# taking time off... what to do?



## cookiemonkey1004 (Sep 19, 2008)

Hello all,

I'm hoping to enter the screenwriting program at UCLA/USC/Columbia/Northwestern someday in my near future. I have been advised to take some time off after graduating from undergrad before applying to grad school. 

What do people do during their time off? Work/intern in film industries? Travel in hopes of gaining more experience? Just keep writing writing writing? Work in a lot of different jobs to build up money for grad school tuition? I guess everyone's stories are different, but since I have absolutely no idea, any response would be helpful!

Also, I was reading a past discussion topic about UCLA's extension writing program on this forum and the program sounds good so far. Is it really common for most aspiring SW MFA students to enroll in writing extension programs (whether it be at UCLA or NYU or elsewhere) before grad school? Is it worth it? Also, is it worth it to apply to grad school when you've already taken writing classes through the extension program? What is your take on extension programs in general, and do you know of any other good writing extension programs besides NYU and UCLA?

Thanks!


----------



## Jayimess (Sep 19, 2008)

If you can afford it, just try to experience as much as possible.  Teach in Asia.  Travel.  Volunteer with kids, terminally ill, people you'd never encounter without a conscious effort.

The reason they want life experience is because the more you've seen, the more stories you'll be able to tell.

Only one of the cats in my program (SW@USC) took the UCLA extension classes, though I don"t think that means anything one way or the other.


----------



## REDking (Sep 19, 2008)

Ok I'm going to be an azzhole here, so I apologize in advance.

I just got skeeved out at the idea of some rich kid volunteering at a hospice to gain life experience for his MFA writing program. Argh. Maybe there is honor in being poor.

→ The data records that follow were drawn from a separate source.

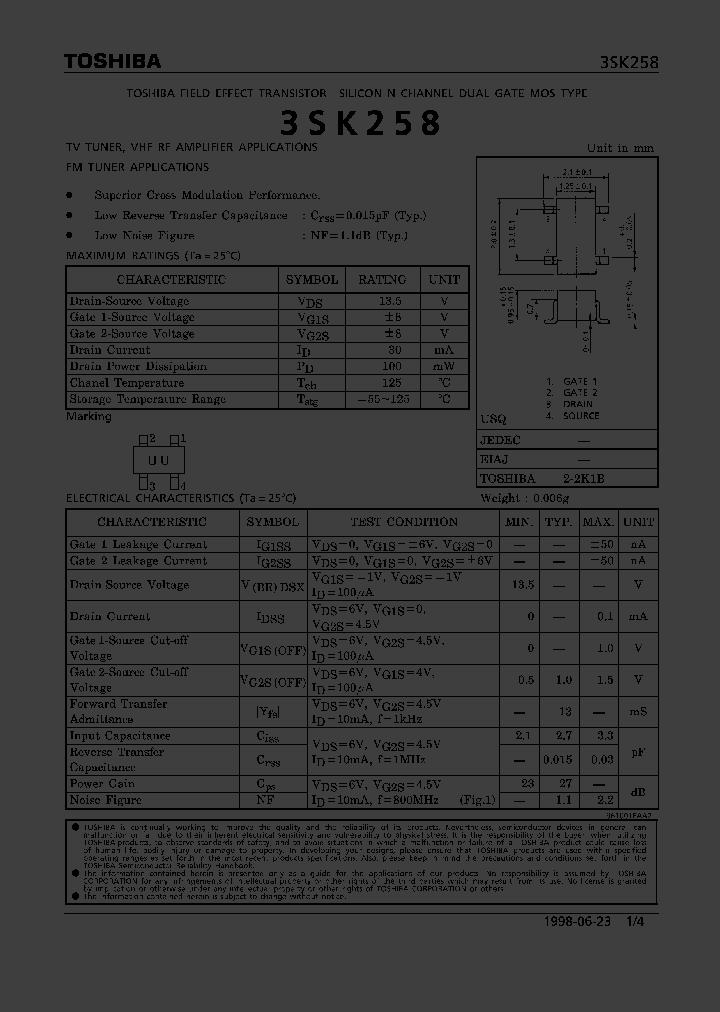 3SK258_204491.PDF Datasheet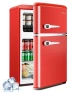 Retro Double Door Fridge with Freezer, Anypro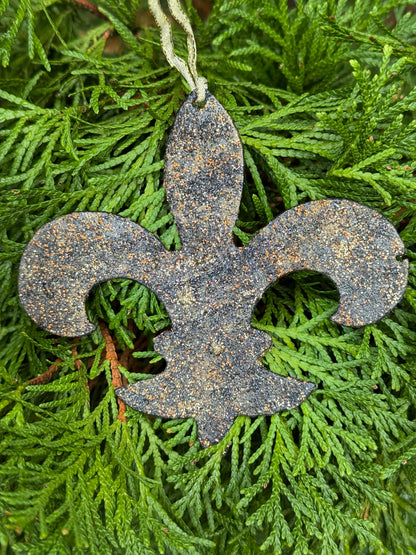 Fleur de Lis Metal Ornament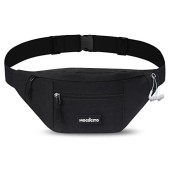 MOCOCITO Waterproof Bumbag Waist Fanny Pack, Black-new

Of course without this technique we wouldn't have had "Tuesdays with Morrie" starring Hank Azaria.

I know this post isn't helpful in any way but hearing someone wonder what they're going to do with themselves before they enroll in an elite grad school is like hearing the Queen of England deciding what palace to "summer" in.


----------



## hoohaProductions (Sep 19, 2008)

Lol. Easy, Red. 

I think Jayimess is speaking under the assumption that everyone wants life experience, and to experience different cultures, people, etc. 

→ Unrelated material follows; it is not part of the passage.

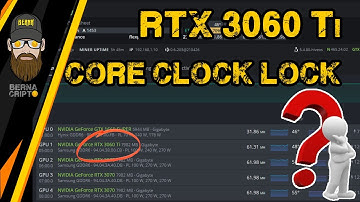 ABSOLUTE CORE CLOCK RTX 3060 Ti HiveOS. RENDE MAIS, CONSOME MENOS - BERNA CRIPTO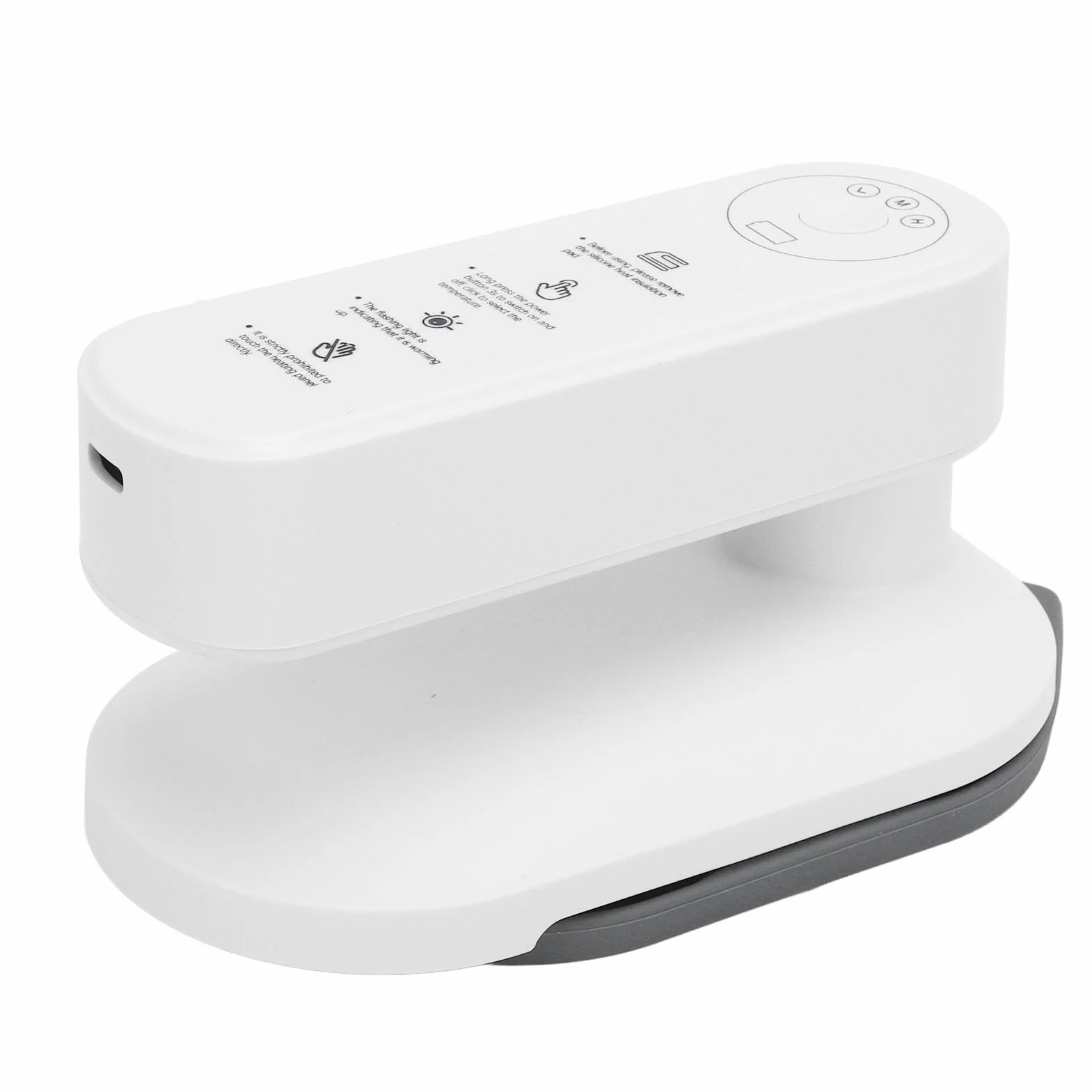 FILFEEL Máquina de Planchar Eléctrica de mano: Plancha de Ropa Portátil con 3 Configuraciones de Temperatura, Batería Inalámbrica de 5000 MAh, Calentamiento Rápido en 30 Segundos para Uso en el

If it helps him get into grad school, in the end, so be it.  

But I do agree with you. If, in fact, Cookie, you have no interest in the aforementioned, don't do it. Find a way to experience different cultures, people, etc. while enjoying it.


----------



## Jayimess (Sep 19, 2008)

Thanks, Hooha.

RED, always so cranky. 

Just because you go to USC, or even want to go to USC, doesn't mean you're some rich "azzhole," so chill with the palace references. 

Fact is, the MFA programs want life experience.  Most applicants got it just by living their lives, because they were older when they decided to go to film school.  For the younger cats, it takes a conscious effort.  If you have no idea what "life experience" means, which perhaps the original poster does not, I stand by my examples.

Volunteering because it seems a good way to get into grad school IS skeezy, but I'd bet money that undergrads do it every single year...look at the undergrad forums, where the youngins list their stats and extracurriculars, and plenty of them mention their volunteer work.  Does that make it right or wrong as long as the much-needed help is being given?  Thing is, people may start their volunteerism for one reason, but discover they really grow from it, and love the people they work with.  The soulless ones tend to begrudge it...THOSE are the ones just doing it to get into schools.

Traveling is a great way to see other cultures and meet new people.

Working is great, too. Plenty of my classmates had established careers in myriad fields before pursuing graduate school.

Me, I didn't have the luxury of traveling or volunteering full-time, so I tended bar for five years.  The co-workers and clientele gave me more stories than any other experience I ever had, and I thank the heavens for them every day.


----------



## cookiemonkey1004 (Sep 19, 2008)

Thanks for your responses. They've been helpful! I'm still 19... so it sounds like it'll take a conscious effort for me to find my life experiences!  At least I now have a better idea of what "life experience" means!


----------



## REDking (Sep 19, 2008)

Jayimiss gave really good advice! I'm simply bitter and currently writing an anti-babyboomer short that has me stuck in character.

But I will say USC will be the first to burn in the revolution!  

Best of luck!!!

----------------------
http://www.redkingindependent.com/InsolenceBlueSky.html


----------



## Jayimess (Sep 19, 2008)

damn babyboomers...the geezers will bankrupt us all.

;-)


----------



## Cinematical (Sep 19, 2008)

Heck, if trying to rack up experience for a stronger application drives someone who otherwise wouldn't have to charitably volunteer their time - what's wrong with that? Sure, the one doing the volunteering will probably gain more personally if they don't do it purely for their own gain, but the intentions behind the work have no bearing on the actual good done through the work.


----------



## Cinematical (Sep 19, 2008)

I think those may be the most convoluted sentences I've ever written...


----------



## hoohaProductions (Sep 19, 2008)

... it happens. 

You got your point across, nevertheless.


----------